On Saturday, the County Board unanimously approved a series of affordable housing goals for 2015, with an eye toward preventing and ending homelessness.
The board formally set the goal of creating a comprehensive, year-round homeless shelter — a long-standing local priority that’s currently in the early stages of implementation. At the moment, Arlington County is only served by an emergency winter shelter. By building a new year-round shelter, the board hopes to cut the number of unsheltered homeless in the county by half.
The board also set the goal of finding permanent housing for 95 percent of all homeless families and elderly homeless individuals. Five years ago the board set essentially the same goal for 2010, but was only able to find housing for 44 percent of homeless families. Factors cited for the failure of meeting the 2010 goal included “poor credit history; limited number of slots in transitional programs; mental health and/or substance abuse issues; underemployment/ unemployment and lack of job skills or readiness.”

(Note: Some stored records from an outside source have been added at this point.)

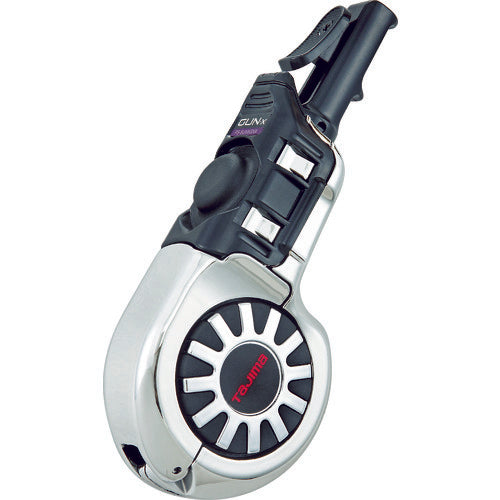 Tajima Perfect Ink Pot Gun 6m x PS-SUM6GNX 1 piece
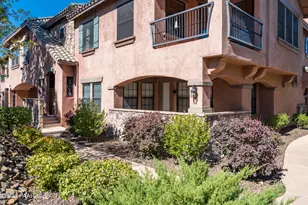 1716 Alpine Meadows Ln, Prescott, AZ 86303 - Photo 1
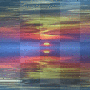 Sunset Animated* Sunset Animated*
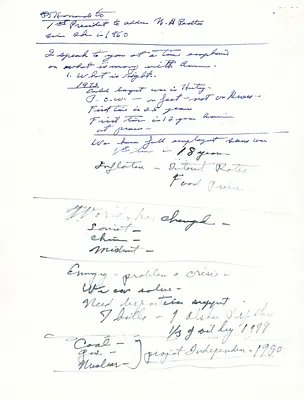 p. 13
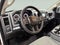 2019 RAM 1500 Classic Express Quad Cab 4x4 6'4' Box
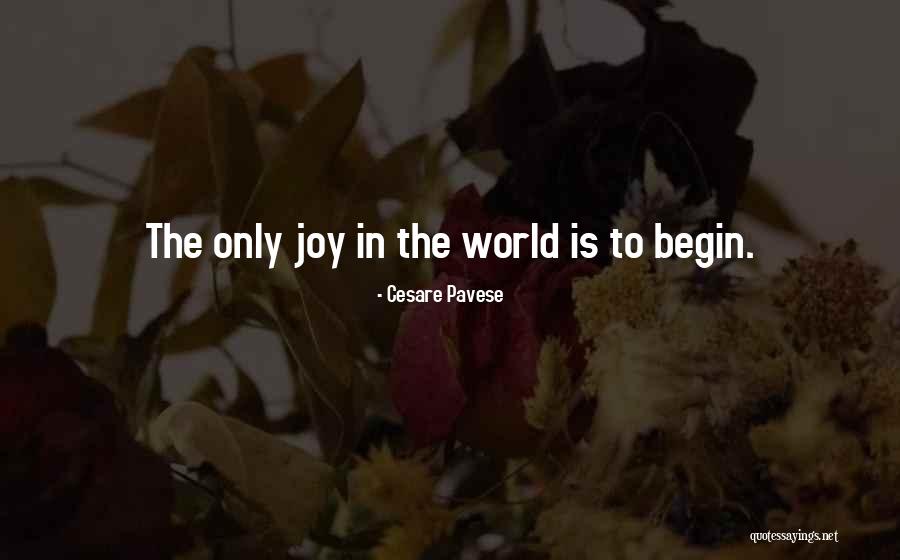 Rhonj Quotes By Cesare Pavese Rhonj Quotes By Cesare Pavese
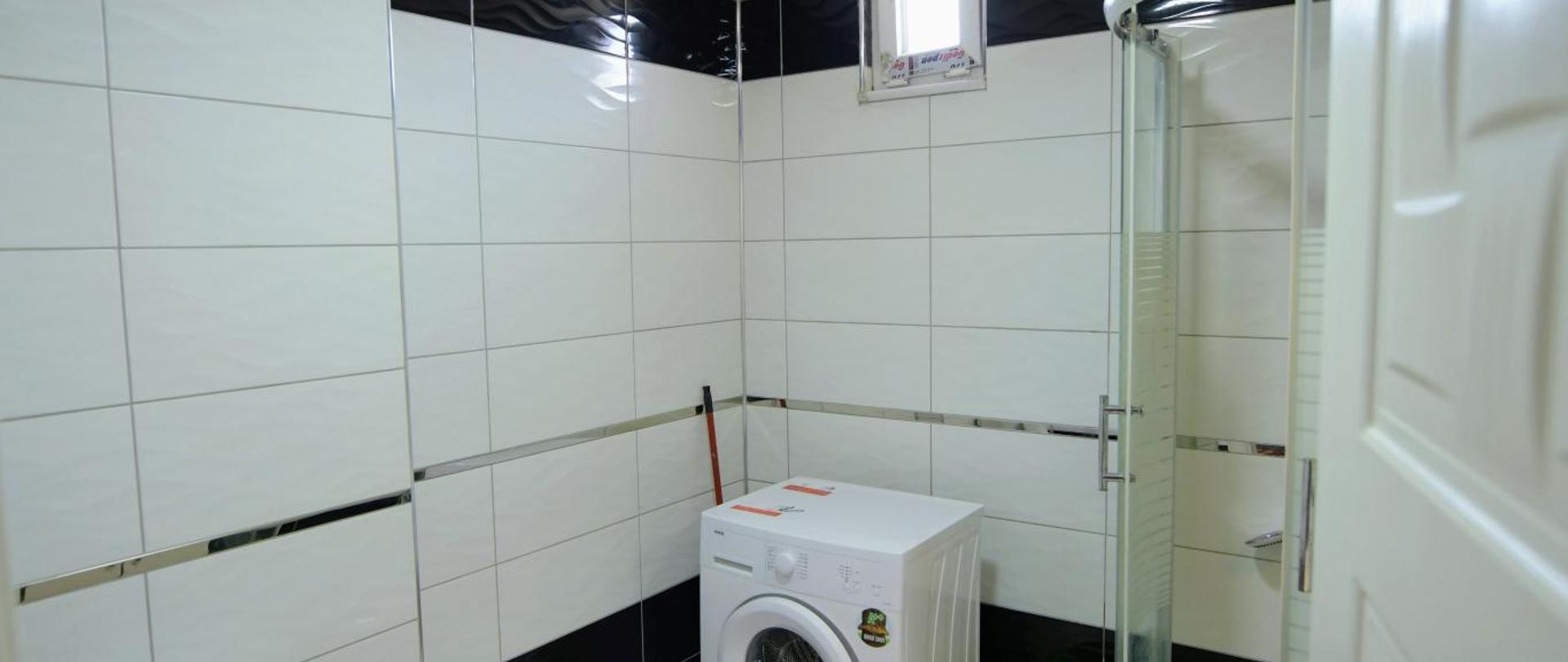 banyo1.jpg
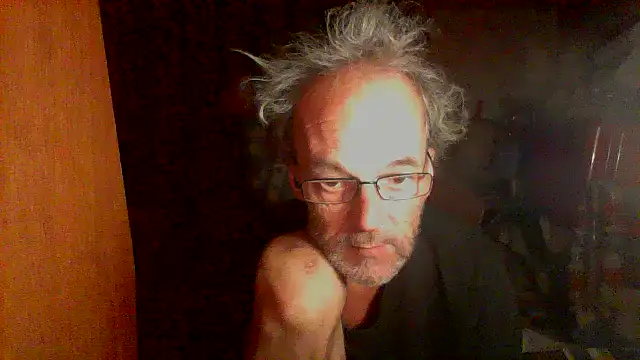 nice6incs online show from July 2026 10:12:01 PM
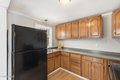 Additional image 9 of 5 Marco Dr, Pittsfield, MA, 01201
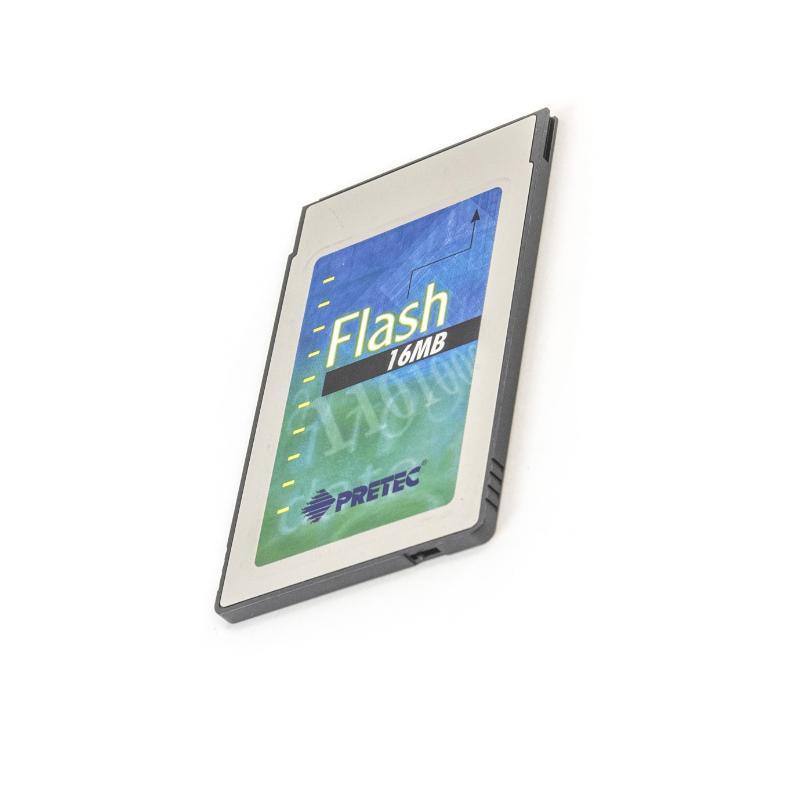 ABB 3BSC630036R5 | Flash Memory Card Shelf life 1 year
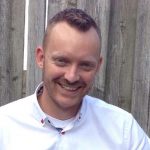 Rutger Schepers, manager demand & supply e-commerce, Blokker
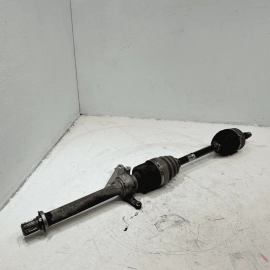 2015-2020 Acura TLX Front CV Axle Shaft Right Passenger Side OEM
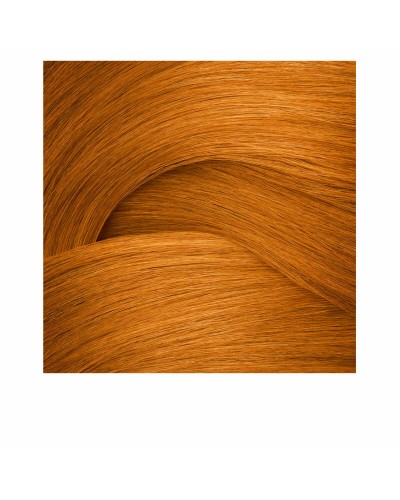 Tintura Permanente Redken SHADES EQ
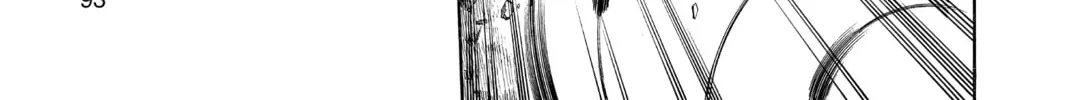 Read Psyren chapter 121 image 13 on Lezhin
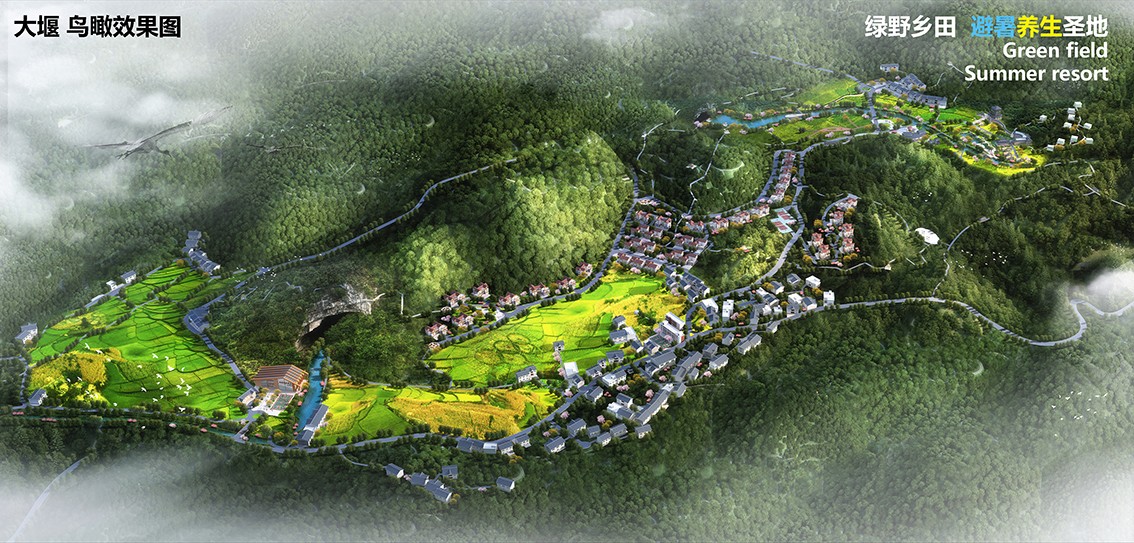 1550205922358024.jpg 032.jpg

In terms of the county’s broader housing goals, the board voted to continue striving toward the creation of 400 new committed affordable housing units each year, with 25 percent of those units reserved for households in “serious housing need” (defined as those who earn below 40 percent of the local median income or who pay more than 40 percent of their income as rent).
“Arlington has been, and will continue to be, a regional leader in preserving and expanding the pool of committed affordable units as market rate units become increasingly unaffordable for working people,” County Board Chairman Chris Zimmerman said in a statement Saturday afternoon. “Today’s action by the Board further strengthens the County’s long-term efforts to ensure that Arlington remains a diverse community with homes affordable to persons with low-to-moderate incomes.”

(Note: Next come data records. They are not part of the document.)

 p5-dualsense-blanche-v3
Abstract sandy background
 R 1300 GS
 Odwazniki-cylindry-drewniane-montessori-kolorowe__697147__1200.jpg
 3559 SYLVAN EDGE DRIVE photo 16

Currently, 14 percent of rental units in the county — 6,000 units total — are committed affordable housing, and 67 percent of those units are in North Arlington (above Route 50). Most of the county’s dwindling stock of market rate affordable housing units, on the other hand, are in South Arlington.
The new goals specify that, compared to the affordable additions over the past decade, a greater portion of the additions be made in the north and northwestern parts of the county, while fewer additions be made along the Columbia Pike corridor in South Arlington.
In addition to bolstering the committed affordable housing stock, the board wants newly-acquired committed units that are being renovated to be made more energy and resource efficient. The board set the goal of reducing energy use by 15 percent and water use by 10 percent in committed affordable units.
When renovating new committed affordable units, the board specified that efforts should be made to minimize the involuntary displacement of low- and moderate-income households. That goal comes one month after the board approved the renovation of the Howard Manor apartments, which residents said would result in the displacement of school teachers and working moms who make just above the income cut-off for affordable housing (60 percent of the local median income).
One other change of note concerns the way in which Arlington County tries to add units to its committed stock. The board removed a previous goal of making sure that most affordable housing additions are made in projects that contain a mix of affordable and market rate units. The board will continue “exploring” mixed-income developments, but it will no longer be a stated priority.